2) Это одно из духовных отправлений человечества, как кормление, пути сообщения и т. п. суть физические отправления.

3) Как же может быть, чтобы это отправление надо было отыскивать назад за 5000 и за 500 лет, а у нас бы его не было.

4) Очевидно, это происходит от тупости судящих, не могущих видеть около себя новое проявление, а видящих только трупы старого. [...]

11 июля. Ясная Поляна. 90. Встал поздно. Обижаю Страхова.

[...] Чувствовал себя очень слабым, лежал. Вяземский - путешественник, математик, микрокефал, но серьезный. После обеда ходил купаться.

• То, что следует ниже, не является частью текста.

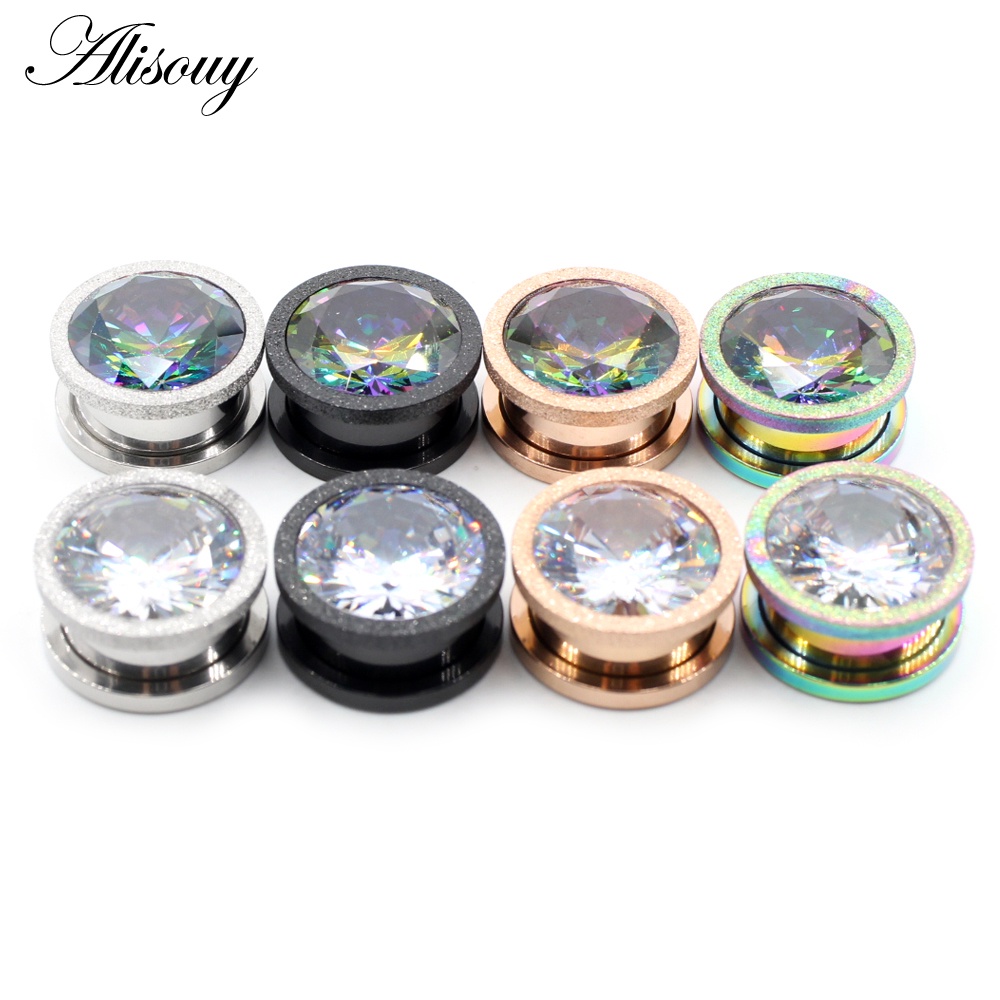 Set 2 Khuyên Nong Tai Bằng Thép Không Gỉ Đính Đá Zircon Cá Tính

Вечером с Страховым спор о русском. "Одно из двух: славянофильство или Евангелие". Мы переживаем то ужасное время, о котором говорил Герцен. Чингис-хан уже не с телеграфами, а с телефонами и бездымным порохом. Конституция, известные формы свободы печати, собраний, исповеданий, все это тормоза на увеличение власти вследствие телефонов и т. п. Без этого происходит нечто ужасное и то, что есть только в России. Спал лучше.

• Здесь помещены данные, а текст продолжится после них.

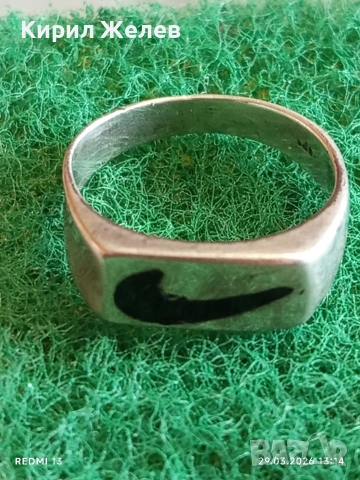 Модерен сребърен пръстен с лого NIKE стил и елегантност 42140, снимка 4 - Пръстени - 54013845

13 июля. Ясная Поляна. 90. Хорошо выспался. После кофе писал "Отца Сергия". Недурно. Но не то. Надо начать с поездки блудницы. Потом шил сапоги. Пошел ходить и купаться. Вечером опять шил. Корректуры статьи от Гольцева. Надо прибавить. Думал: надо написать об отговорке - добывать хлеб не прямо, косвенным путем - то, что всякое добывание есть поедание людей или подличанъе и прислуживанье людям, поедающим людей.

14 июля. Ясная Поляна. 90. Встал позднее. Сны всю ночь. Выпил кумысу, походил. Сажусь за статью. Хочется и начать "Отца Сергия" сначала. [...]

Нынче 24-е. Приехал Лёвенфельд, пишет биографию. Неприятная щекотка. Ходил, гулял и думал и молился.

Вчера 23. Вечером Стаховичи - тяжело. Косил с Осипом. До обеда писал немного о церкви. Все расширяется.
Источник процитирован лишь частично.